Libby Yanch is a school colleague and friend of mine and when I mention that I am collaborating with an art teacher for a school contribution to Operation Husky 2018, she shares that her great uncle, Wilfred Joseph (Bill) Nolan, fought in Operation Husky in 1943. Libby’s great uncle was from Pembroke, Ontario.  Early in my relationship with Dave, our first trip together is in Sicily for ten, extraordinarily hot and sunny days.  We drove all over the place and often came across locations where Dave would sweep his arm over a breathtaking vista and say “this is where the Hastings and Prince Edward County Regiment were involved in a skirmish” or in a tight hairpin turn pronounce “this is the site where the Hasty P's did such and such”.  Libby’s great uncle never spoke about his wartime experiences to his family.  It was only after a stranger phoned her father many years later, that the family had some insight into his contributions to Operation Husky and the Italian Campaign.  Libby came back to school with two black and white photos of her great uncle Bill to share with me and his exploits, recounted by Mark Zuehlke, in Ortona – one where he is relaxing in a hayfield and the other in his uniform on a motorbike.  I can’t stop thinking about what it must have been like to be in the landing craft as he came ashore on the beaches of Sicily and had to walk across the island.  Most of their trucks were lost when two ships were sunk the day before landing. 

To see if I can find out more, I order Farley Mowat’s, The Regiment, a history of the Hasty P's, from the Wolfe Island library.  It turns out that Sgt.
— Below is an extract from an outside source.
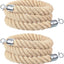 Cuerda yute 6x1.5" con ganchos control multitudes
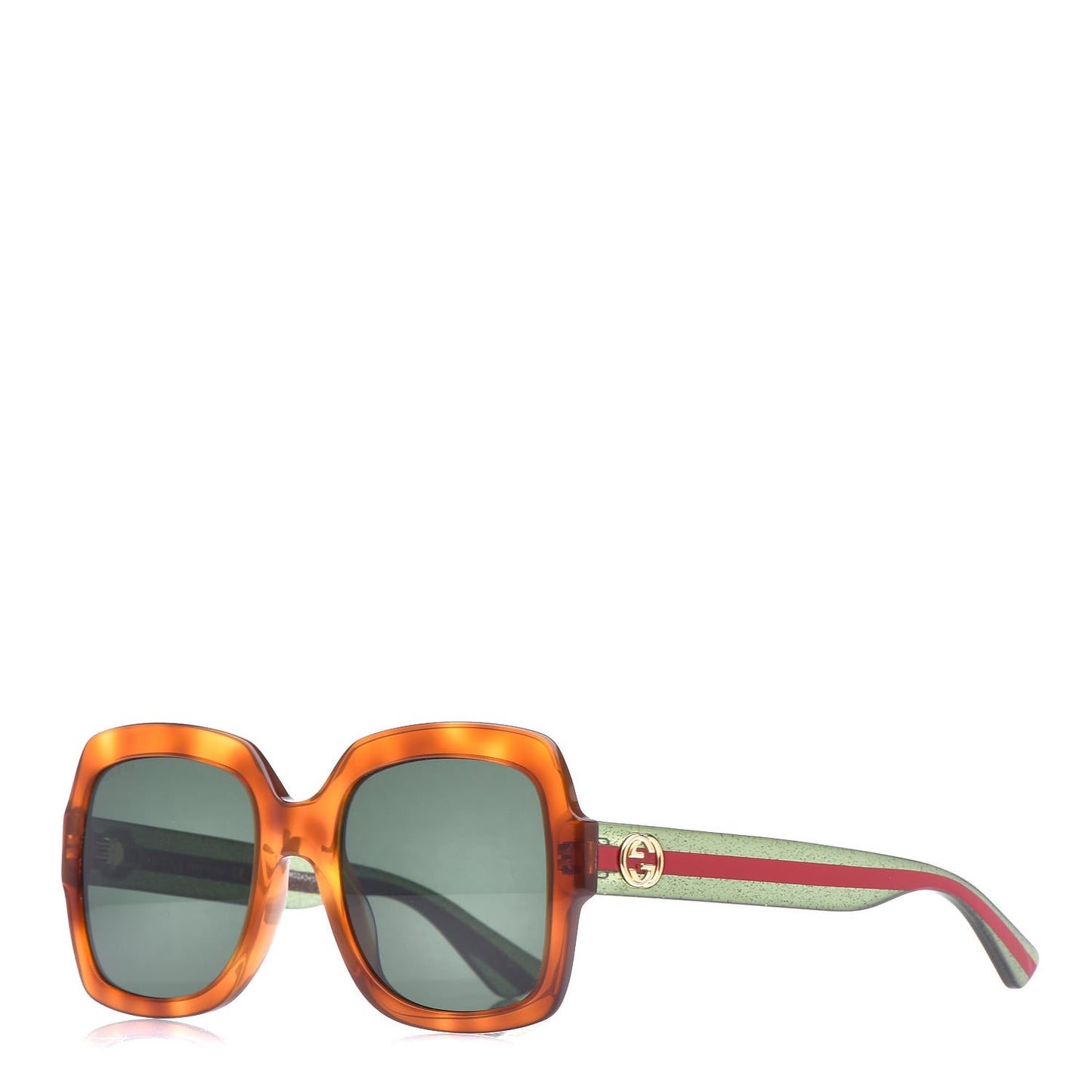 Oversize Square Web GG 0036S Sunglasses Tortoise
Bill Nolan’s story is included in this history of the infantry regiment.  It’s quite surprising to find out that a small part of your family history is caught in the pages of this iconic Canadian author’s words.  Bill Nolan’s story is one of bravery and leadership, where he led ten Canadians in an attack that provided critical intelligence for the others in the unit. 

Farley Mowat narrates:

“Baker company followed up the enemy’s defeat and Sgt. Bill Nolan, with ten men attacked and overran a house controlling the road junction, capturing eighteen German paratroopers in the process.

The capture of the paratroopers was a disquieting event.  It was the first indication that the enemy’s finest formation, the Paratroop Division, was arriving upon the scene, and it meant fighting ahead would be of unprecedented ferocity.” (page 145)

I wonder as I read this passage what that enterprise must have been like for those eleven Canadian soldiers. The detail is not there.  Sgt. Bill Nolan earned the Military Medal for this action.  Dave shares that he mentions this narrative with clients when he is standing at San Donato, on his Italian battlefield tours – a Canadian story that highlights the peril Canadians faced against the German forces as they advanced towards Ortona.  They would have known on this day that what lay ahead of them was going to be increasingly challenging.  The Paratroop Divisions were known for their skill and fierceness.